The question we need to ask of Observability, as currently defined and employed, is whether once we have moved from this initial frame of reference, can it scale up from the low hanging fruit now visible and being picked off.
Exploration and Exploitation
Speaking as someone tasked with solving the hard problems in the effective and efficient monitoring and managing highly interconnected and interdependent systems, I consider the overemphasis on data, as opposed to signals and states, as the formation of a great fog. This data fog is very likely to result in many individuals in organizations losing their way and overindulging in the exploration of data as opposed to the exploitation of acquired knowledge and understanding. This has come about with the community still somewhat unconcerned with a steering process such as monitoring (or cybernetics). The current inhabitation of the middle ground is not sustainable going forward.
Within the thickening data fog, many will lose sight of the big picture, the changing landscape of system state, and not be able to pick up signals needed to orientate. Not all doing with data is useful when performed aimlessly. Any insights gleaned in trekking through a thick fog of data is likely only to reveal more about the forestry than the various local maximums in the landscape or the underlying tectonic and fundamental forces of system dynamics.
Cloud computing has allowed us to collect and process massive amounts of sensory data. Still, it comes with a cost when it overloads human cognitive capacities, reduces the visibility of what is significant and should be attended to, and makes orientation near impossible. More than ever, there is a need for expert guidance and adaptive tooling.
Abstraction and Simulation
In 2020 there will be two broad movements taken to break away from the data fog that many organizations have found themselves floundering in – abstraction and simulation. Ever-increasing levels and layers of abstraction will be employed to rise above the fog and more accurately assess the situation and state of play at scale. Abstraction in the form of data reduction and new higher-order model representations will better assist teams in identifying when to continue to exploit ( move and expand rapidly), or to explore (slowdown and consolidate understanding).

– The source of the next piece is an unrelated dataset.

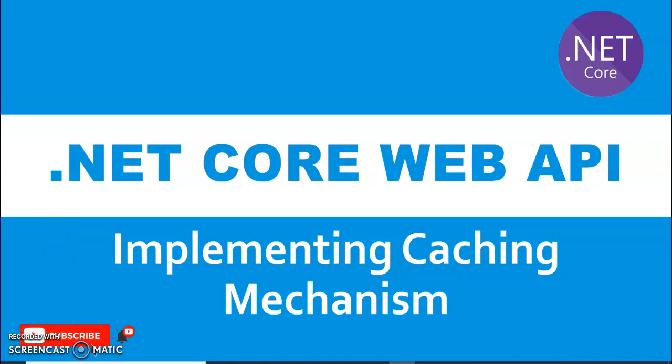Hello and welcome guys to this interesting session of .NET Core Web API. In this session we are going to see how to implement caching mechanism in our .NET Core Web API session. Before starting, if you are new to my channel please hit the subscribe button and ring the bell icon for future notifications.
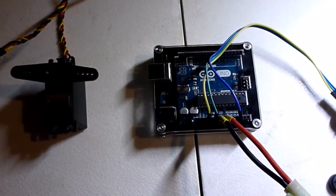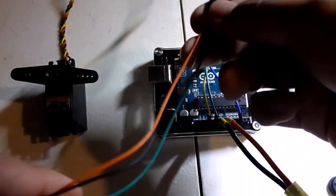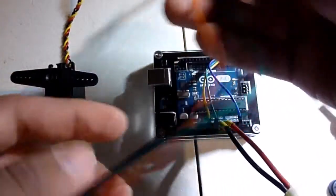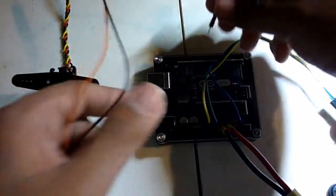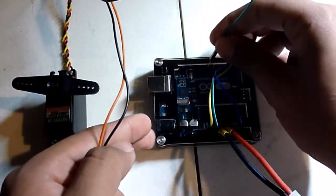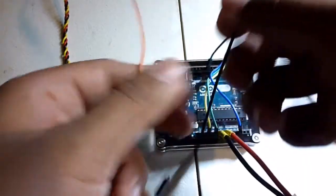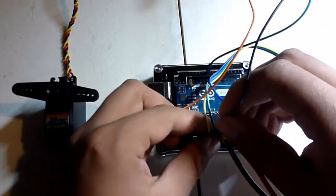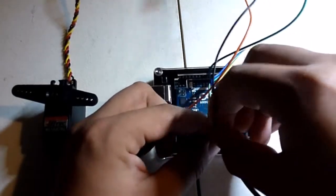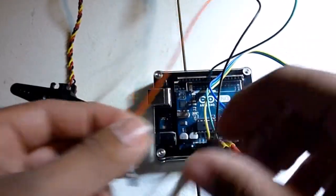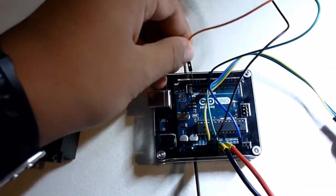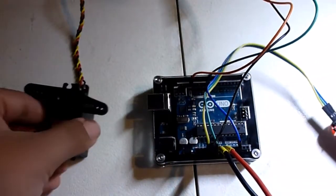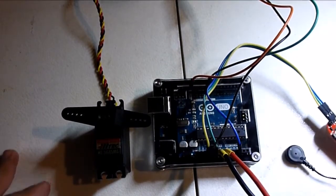Here, I have my servo, and attached to it are three male-to-male jumper wires. So first, I'm going to get the signal and attach it to pin 9. I'm going to get the positive lead and attach it to the 5V output. And then, I'm going to get my negative lead and attach it to the ground. This is all you need to make this circuit work.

Orientation (of the situation) gained from abstraction will bring focus and frame effort whenever an engineering team needs to dive deeply into the fog. Explorative mission briefings to the “unknown unknown” quadrant will primarily consist of intelligence based on communicated signals and inferred states along with maps of signposts. The effectiveness and efficiency of tooling like Instana will be judged on the precise targeting of incursions into the fog, the degree of learning acquired during, the cost and time spent in doing so as well as the intelligence gathered and relayed to other teams moving elsewhere along the landscape – always guided and assisted.
While abstraction looks to laws, formulae, and models to offer a more effective birds-eye orientation for operational teams and their activities, simulation attempts to recollect and reconstruct the foundational and functional fabric of reality of systems that are expected to be under some degree of change and control.
Simulation exists beneath the data fog, with data pushed into the background and used solely to power the play-back or play-forward of execution to be experienced and introspected immersively. Within the fog, data consisting of traces, metrics, and logs cloud the vision of reality under execution. The fog offers up hints of software execution behaviors. Still, the behavior is never genuinely experienced to the extent that it can be natively mapped to code, constructs, and context. Within the fog, engineering teams are always observing data and not actual execution. Simulation, on the other hand, deals exclusively in episodic memories of the past or the projection of future potentials. While simulation is far more expansive and expressive, it is still very much simplified in the few fundamental and primitive elements of concern it contains. Teams will employ simulation for training purposes as well as tuning of tooling and data gathering. Perception in difficult conditions must follow and rely on experience.